New 15 MPH School Zones Welcome Students on Walk to School Day

Mayor Ed Lee walks to school with students from Marshall Elementary in the Inner Mission. Photo: Marianne Szeto

Yesterday marked the first Walk to School Day since San Francisco began installing 15 mph speed limit signs near dozens of schools, and thousands of students were a little safer from speeding cars as they made their way to class.

“The new safer speed zones will calm traffic in neighborhoods throughout the city and help more people enjoy walking,” said Walk SF director Elizabeth Stampe, who joined students from Marshall Elementary in the Inner Mission on a "walking bus" along with Mayor Ed Lee, D6 Supervisor Jane Kim, Recreation and Parks General Manager Phil Ginsburg, and SFMTA Director Ed Reiskin.

Fourty-four schools around the city yesterday held Walk to School Day events involving over 7,000 students. According to the SF Department of Public Health, 56 percent of students at Marshall walk to school, and 70 percent live within one mile. School re-assignments this year allowed more students to attend schools in their neighborhood, close enough to walk or bike.

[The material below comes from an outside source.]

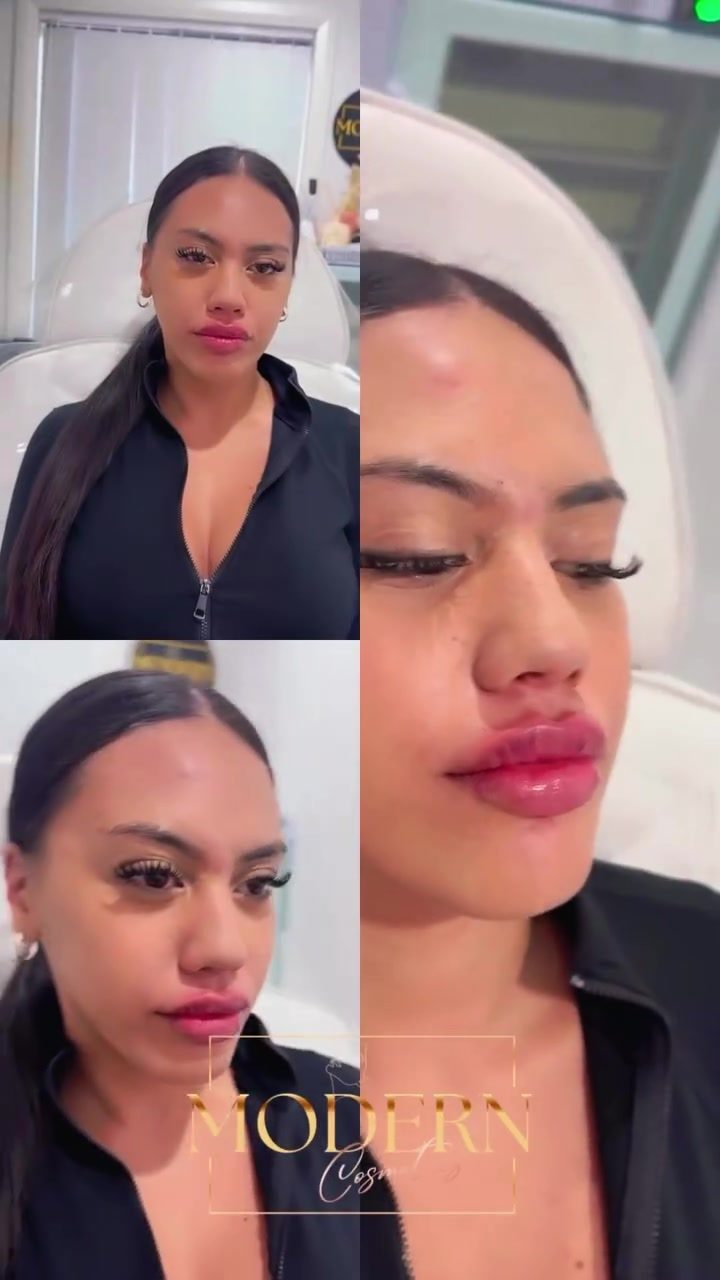 Modern Cosmetics: Personalized Lip Filler Consultations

“Providing safer streets throughout San Francisco is a top priority for the SFMTA,” said Reiskin. “As we continue our work to install new speed-limit signs around schools like Marshall, we are collaborating with the Police Department to educate surrounding communities of the significant, but necessary change that will help keep our students safe.”

The SFMTA plans to install 15 mph signs at 213 K-12 schools by December 2013.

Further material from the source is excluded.